2.2 Learning in a partially observable environment
Autonomous drones must often act with incomplete information. In cluttered and dynamic construction sites, sensors provide only partial observations of the true environmental state. Occlusions, limited field-of-view, and stochastic wind all introduce uncertainty. Such conditions are naturally modeled by the Partially Observable Markov Decision Process (POMDP) framework (Lauri et al., 2022; Spaan, 2012), where policies must make decisions under uncertainty about hidden states.
To manage partial observability, modern controllers integrate learning architectures that infer or remember latent variables. Recurrent value and policy learners, such as the Deep Recurrent Q-Network (DRQN), compress sequences of past observations into hidden states for improved temporal reasoning (Fan et al., 2020). Latent-state models like Data Valuation Reinforcement Learning (DVRL) further infer unobserved factors online (Yoon et al., 2020). Recent sequence models extend this capability using memory that aggregates information over longer horizons with enhanced stability (Hausknecht and Stone, 2015; Igl et al., 2018; Parisotto et al., 2020). These techniques are particularly valuable when key cues, such as wind variation or obstacle motion, arrive intermittently.
In practice, construction missions involve multiple, sometimes competing, objectives: mission efficiency, collision avoidance, energy economy, and safety. MORL explicitly represents such trade-offs by modeling returns as vectors rather than scalar rewards (Roijers et al., 2013; Wu et al., 2025b). Complementary Constrained MDP (CMDP) formulations incorporate explicit safety constraints during training and execution (Achiam et al., 2017; Chow et al., 2018), while Lyapunov-based updates provide theoretical guarantees of near-constraint satisfaction. Broader reviews in robotics highlight design patterns for reducing unsafe exploration, especially for aerial vehicles operating in shared workspaces with humans (Chow et al., 2019; Garcıa and Fernández, 2015). Depending on the formulation, MORL methods may target Pareto-efficient policy sets or optimize a scalarized utility under an explicit preference model. In this paper, we use preference-conditioned linear scalarization with a single PPO policy, and we leverage this setup to study interpretable group-gated priority traces rather than proposing a new MORL optimizer.
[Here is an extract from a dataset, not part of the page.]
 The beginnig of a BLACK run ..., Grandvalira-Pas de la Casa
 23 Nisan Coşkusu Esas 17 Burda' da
Case studies demonstrate progress through end-to-end and hybrid policies, disturbance-aware control, and energy-sensitive planning in turbulent environments (Banerjee and Bradner, 2024). Surveys of sensing and training configurations underline the importance of effective history use, explicit preference modeling, and safety-aware updates for successful field transfer (Chen et al., 2024; Zhao et al., 2022). Yet, as these learning-based controllers grow more capable, they also become opaque: it remains unclear which cues they rely on to infer hidden states or resolve competing objectives. Understanding this internal reasoning, particularly in uncertain, safety-critical environments, requires additional interpretive tools.
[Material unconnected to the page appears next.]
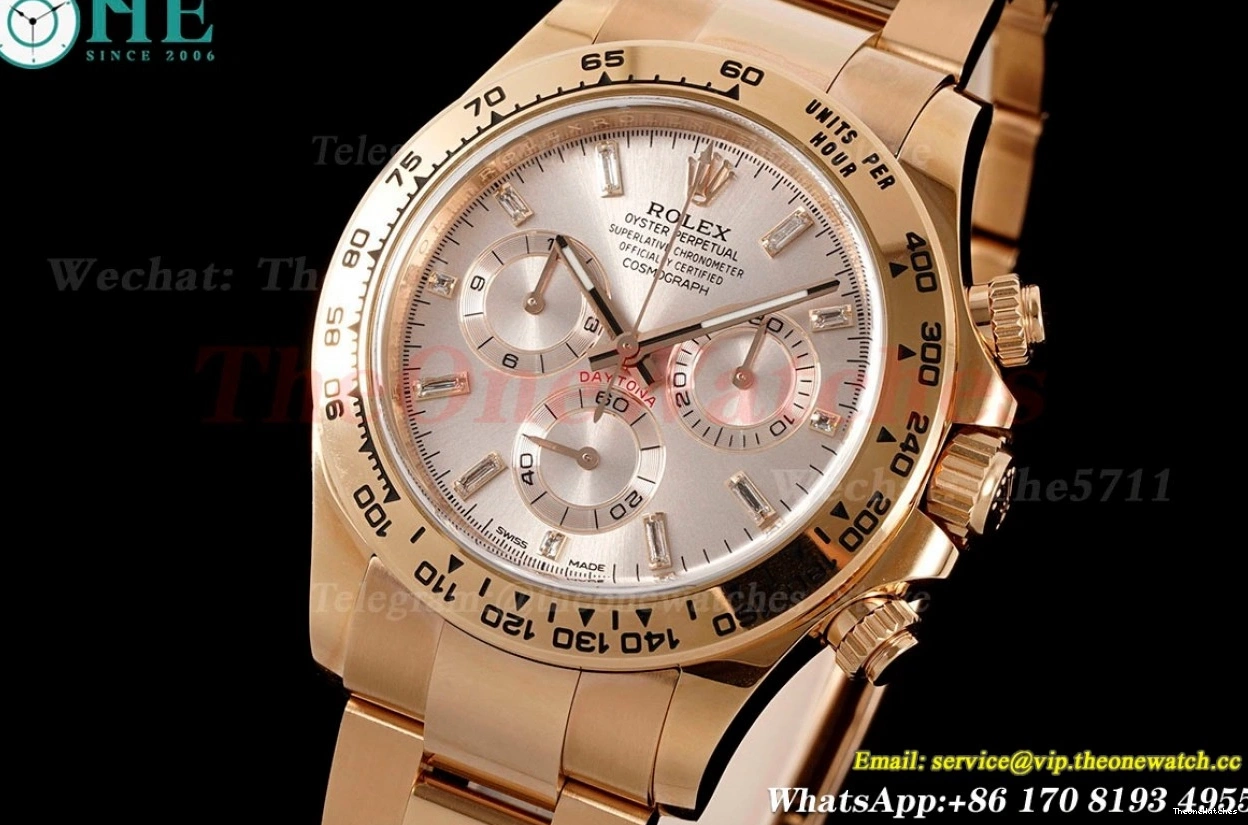 116505 RG Daytona RG DD4130 Clean champagne Dia 40mm 0419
2.3 Interpretable methods in reinforcement learning
Interpretability in reinforcement learning (RL) has been studied under several complementary paradigms, including feature-importance analyses, process-level visualizations, and inherently interpretable policy representations (Puiutta and Veith 2020a; Puiutta and Veith 2020b). Recent surveys of explainable reinforcement learning (XRL) organize existing methods into feature-importance, learning-process, and policy-level categories, highlighting both the progress and the remaining gaps in making RL decisions transparent to human users (Milani et al., 2024). A large body of work focuses on explaining how specific observations influence individual actions. Saliency-map approaches visualize which parts of the input state most affect the chosen action in visual domains, for example, by perturbing pixels and measuring the impact on the action-value or policy output (Huber et al., 2022; Puri et al., 2019). Other methods reconstruct actions via surrogate models to attribute importance to input features, extending feature-attribution ideas from supervised learning to deep RL (Chen et al., 2020; Guo et al., 2021). These approaches provide fine-grained importance scores for individual state dimensions but typically remain local (per state-action pair) and are not designed to summarize stable prioritization patterns over semantically grouped sensor channels.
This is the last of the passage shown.